富柏村日剩

香港で2000年02月24日から毎日綴り始めた日記ブログ 現在は身在日本

沖呑力を食す

fookpaktsuen2010-08-09

八月九日(月)晴。晝に銅鑼湾何洪記で「沖呑力」食す。「沖呑力」と書いても何だかさつぱり解らないのはこの店の、おそらくこの店員の勝手な符丁ゆゑ。「飯」を「反」と書いたり「咖喱」を「力里」と書くくらゐはかなり一般的だが「沖呑力」は符丁好きのアタシも驚いた。

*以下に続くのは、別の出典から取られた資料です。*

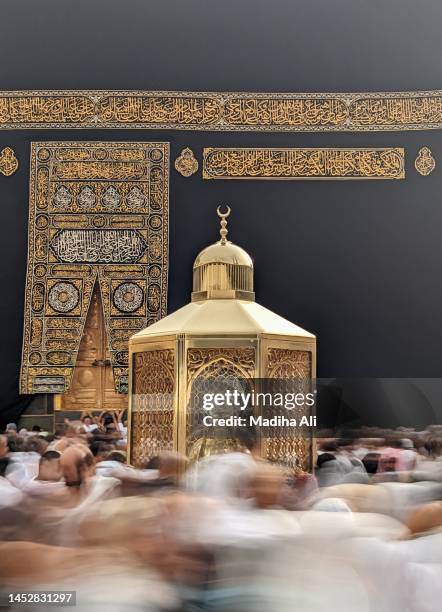 station of abraham or maqam e ibrahim inside masjid al haram where pilgrims do tawaaf of khaana kaaba for hajj and umrah | people wear ihram clothes for haj and umra, mecca, saudi arabia | prophet ibraheem - hajj pilgrim stock pictures, royalty-free photos & images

「沖」は「葱」と発音が同じ、「呑」は雲呑でこれは解り易いが「力」は「労」で「葱呑労」つまり「姜葱雲呑撈麺」を指す。蘋果商店(Apple Store)からメール届きアタシのiPadは今日、星加坡を出荷で12日に配達だといふ。7〜12日と言つてゐたのにかなり早い。晩に中環。Olivers食料品店でズブロッカ購入してからかなり久々にFCC、主餐庁で薩摩K夫妻、Z嬢と会食。 歓談款語尽きず二更過ぎる。三鞭酒のお振る舞ひありBlackstone Pinot Grigio 08年とCh. Lafleurのセカンド。
中島京子『小さいおうち』につき東京新聞夕刊で著者本人も加はるちょっとした論争あり、と築地のH君から聞く。東京新聞で大波小波が「忍び寄る嫌い時代の影は一向に感じられない」「いかにもコクにとぼしいと言わなくてはなるまい。作者自身が〝戦時〟を知らず、もっぱら資料に頼ったこととも関係があるかもしれない」と批判。一週間ほどすると中島京子自身がやんはりと反論。

「洋服を着たり洋食を食べたりハリウッド映画を観たり、リヒャルト・シュトラウス交響曲を聴きに出かけたりするモダン東京の人々の暮らしに戦争が忍び寄る姿を、私は書いてみたかった。けれど私の本を読んだ若いお嬢さんたちが、「戦争の時代って、けっこう明るい。むしろ楽しそう。いい時代みたい」と思ったりするのは、作者としてはとっても困るのである。戦争してたんですよ。いい時代のわけが、ないではないか!」「歴史を俯瞰してしまうと、「のほほん」の部分は最初に無視されていってしまう。小説は歴史教科書とは役割が違う。私は「のほほん」の部分をもっとよく知りたかった。でも、その時代全体が「のほほん」一色だったとは、書きたくもなければ書いたつもりもない」云々。

H君曰く、「大波小波」子の分の悪さは「資料を調べてもむしろ、そうした「のほほん」の面は出てこない」わけで中島京子が当時を知る人からきちんと聞き取りをしてゐたら、それこそそれも貴重。昭和19年夏のサイパン陥落あたりから本土でも戦況がひどくなるわけで、それ以前は「銃後の暮らしは」必ずしも悲惨ではなかつたはず。「忍び寄る時代の影」が感じられないとか言つても、実際、その当時の人々にとつてはそうであつたら、その通り。アタシも祖母から聞いた当時の話では空襲が始まるまでは実際に戦争戦時下の暮らしの中でも当たり前だが喜怒哀楽あり。そも/\戦争が悲惨だともつと早い時期からとわかつてゐたらあんなに市民も戦争を提灯行列的に受け入れないでせう。空襲で焼け野原になるとも原爆投下があるとも思つてゐなかつたから、の皇国の「海外での」戦争への期待。下手すると二二六事件の頃のあの鬱な感じと中国での泥戦が太平洋戦争の開戦でパッと晴れてゐた。知識人だつて「近代の超克」を読むとそんな晴れ/\とした気分。それがたしかに当時の人々の誤謬だつたわけだが今更当時のその気分の「事実」は変へやうもない。